– Вы, однако, юморист.
– Ничего смешного я не сказал. Говорю, как есть.
– Но согласитесь, что секс без любви – не здорово. Беспорядочные половые связи до добра не доводят. Я, Аркадий Дмитриевич, придерживаюсь, совсем другой морали.
– В какой-то степени, ты говоришь правильно. Но не лги себе, Ирочка. Всё же, я прожил на земле, вот уже, три с половиной десятка лет, и в людях немного разбираюсь.

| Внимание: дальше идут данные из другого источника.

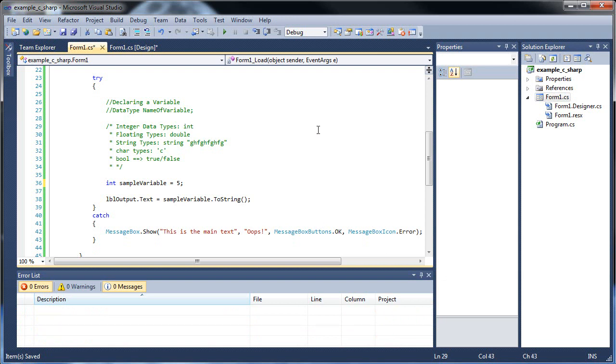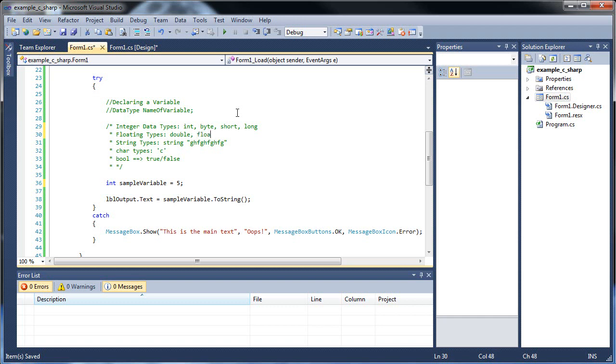I was thinking about it, I should show you some more data types. Other integer data types would include byte, short, and long. Other floating types would include float itself, which is smaller, and there's decimal. But primarily for the integer data types, we'll just use integer, and for the floating types, we'll just use double.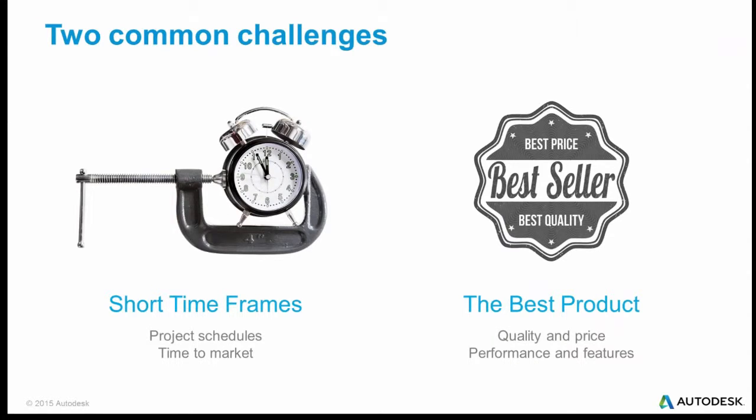Two common challenges facing manufacturers are short timeframes and producing good products.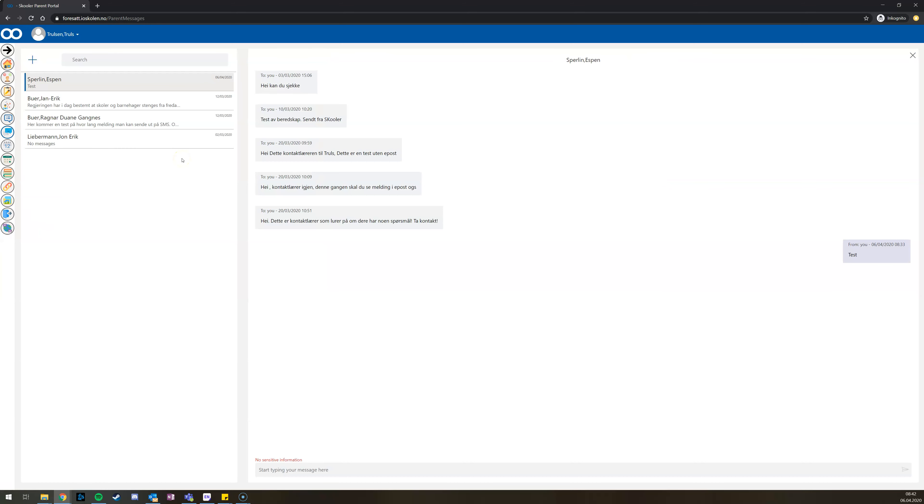Here in the chat, you can write your message to the different teachers. You have a history on your left side where you can choose different chats you have had before.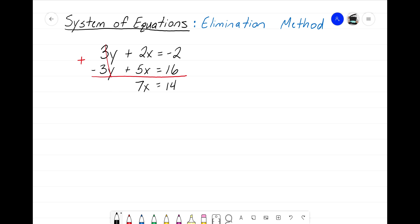That is the biggest step in the elimination method. We take the top and bottom equations, add them together in the hopes that a variable will drop out. In this case the y's dropped out. Sometimes you'll come across a problem where the x's drop out — it doesn't matter which one drops out first, just as long as a variable zeros out. Now we have a single equation, very similar to what we'd have with equal values or substitution.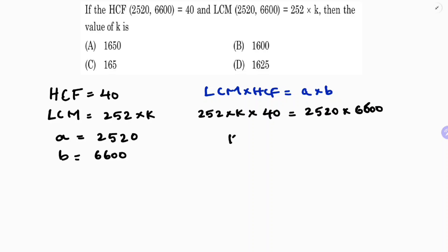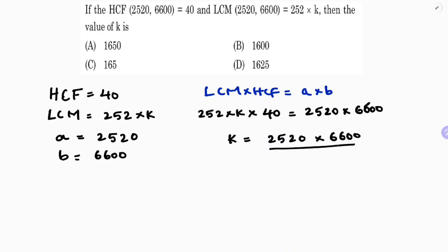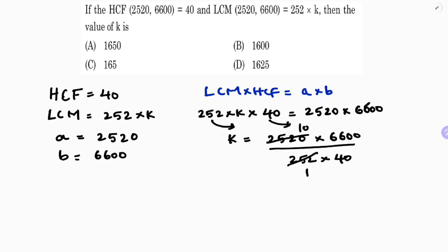To find k: k equals 2520 times 6600, divided by 252 — transposing this value — and also divided by 40. So the denominator is 252 times 40, which equals 252 times 10 equals 2520.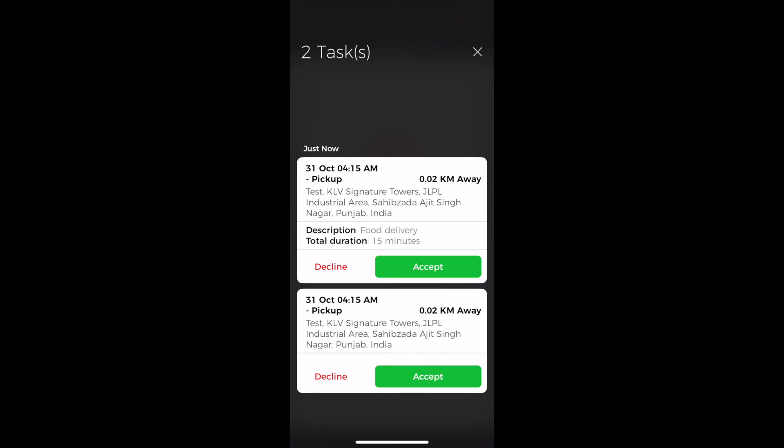That gives kind of an insight for an agent so that he knows what kind of task he's accepting and if it suits him he can accept it, otherwise he can just leave it as is or decline it as well.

– Ты хочешь сказать, что я…
– Господь с тобой. Я только хочу сказать, что ты сильная, темпераментная женщина. Может быть, тебе не всегда везло с мужьями и любовниками. Они были слабее тебя. Это явно. Я вижу, я чувству… я знаю. Если бы мой «кузнечик» умел говорить, то он разделил бы моё мнение.
– Ты – прямо экстрасенс какой-то, а не подполковник в отставке.
– Нет, Ирочка, я, всего лишь, майор мотострелковых войск. Довольно ещё очень молодой и очень даже, способный носить оружие.
– Оружие не носить надо, а уметь им пользоваться, достойно применять его на практике… в случае необходимости. Видишь, Аркадий Дмитриевич, я так чётко сформулировала пожизненную задачу всех суперменов, что получилось не хуже, чем в воинском уставе.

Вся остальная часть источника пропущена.